The problem
Reproduce everything from the line that contains "Air Arabia Careers" down to the line that contains "China Engineering Plastic" in the listing below, word for word and nothing more. Leave the pictures out.

Data
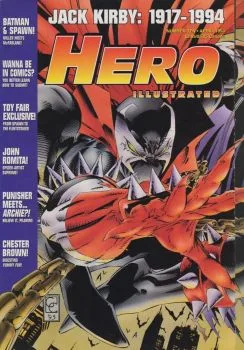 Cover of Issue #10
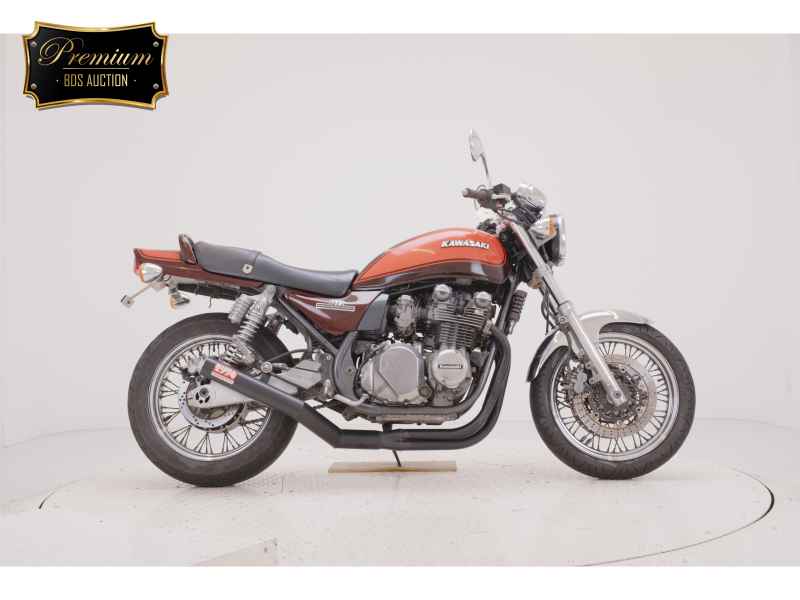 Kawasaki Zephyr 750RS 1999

---

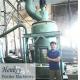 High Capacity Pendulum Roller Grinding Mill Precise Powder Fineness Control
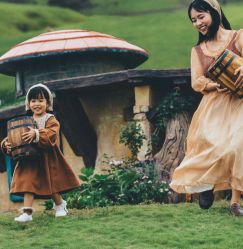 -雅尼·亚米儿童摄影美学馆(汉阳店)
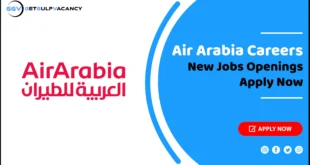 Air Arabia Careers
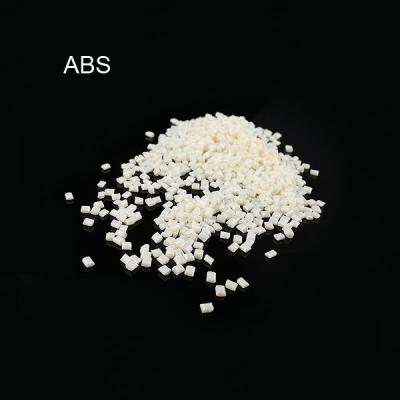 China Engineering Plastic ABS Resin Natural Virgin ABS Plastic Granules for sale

...

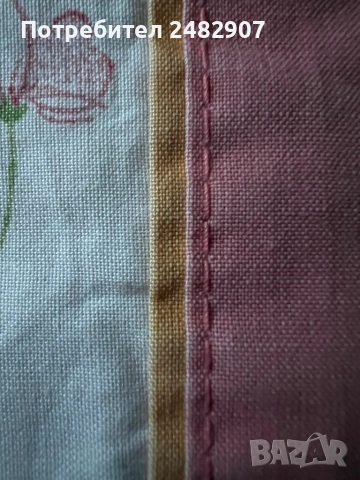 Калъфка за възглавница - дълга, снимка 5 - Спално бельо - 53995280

Answer area
 Air Arabia Careers
 China Engineering Plastic ABS Resin Natural Virgin ABS Plastic Granules for sale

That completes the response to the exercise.